A few weeks ago, I received an advance copy of Joshua Becker’s new book, Clutterfree with Kids. The book went on sale last week (and quickly became the #1 self-help book on Amazon – congratulations Joshua!), so you may have already heard of it or read it. But if you haven’t yet, I highly recommend it.
I only made it halfway through the book before I had to stop reading and begin a major clutter-purge. I spent an afternoon in the playroom with our boys, getting rid of stuff. We ended up with two big bags full of stuff to donate to the thrift store, a huge bag for the recycle bin (our older son loves crafting and art – papers overfloweth!), and a smaller bag for the trash can. I have always been very intentional in terms of the sort of toys our boys have. Very few things have batteries (except for the circuit-building supplies that our older son and my husband spend hours tinkering with), and all of their toys require a significant amount of creative input – it’s never the same thing twice, since they have to use their imagination to play with their toys. I have always felt good about the sort of toys we have.

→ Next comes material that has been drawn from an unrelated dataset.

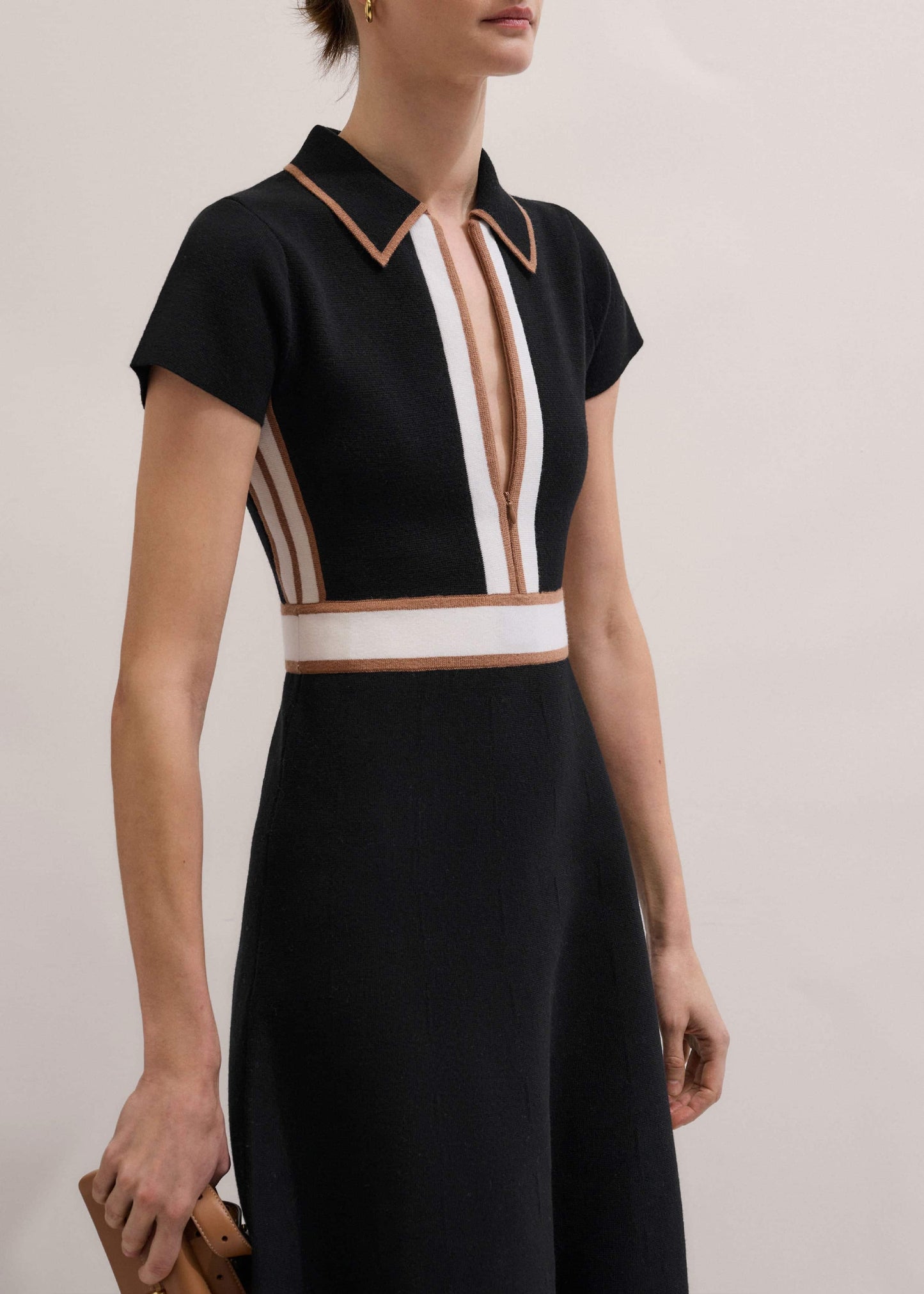 ME and EM Clothing Black Milano Knit Collared Maxi Dress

But we just had too many of them. It was a case of too much of a good thing, and clean-up time in the playroom was becoming overwhelming.
Since virtually all of the toys we have are from thrift stores or Craigslist or yard sales, we’ve been able to get them for a tiny fraction of their retail price. For the last couple years, we’ve limited our purchases mostly to expanding sets we already had (Lego, Lincoln Logs, Playmobil, K’nex, wooden trains, blocks, house/farm/food/furniture, etc.) That worked pretty well in terms of limiting purchases, but the result was that the bins we had were overflowing. Our wooden train collection – including buildings, tracks, and trains – had expanded to fill two huge bins and one small one. Our Lincoln Logs were overflowing the tops of a huge bin. They were all “good” toys, but we still had too many of them.
After reading half of Clutterfree with Kids, I was inspired to tackle the overflow. Our boys both helped me, and we talked about how much easier it would be to clean up if we didn’t have so much stuff. It was easier than I had expected to get them on board. By the time we were finished, the lid closed on the Lincoln Log box and one full bin of train stuff is getting posted for sale on Craigslist today. It was initially hard for me to make the decision to let go of those toys (most of the stuff in the donation bags was easy, but the Lincoln Logs and trains were harder). But I knew that our boys would still have just as much fun with a little bit smaller collection of each of them, and removing stuff from the playroom would make it easier to find stuff, provide more room for play, and make cleaning up easier too.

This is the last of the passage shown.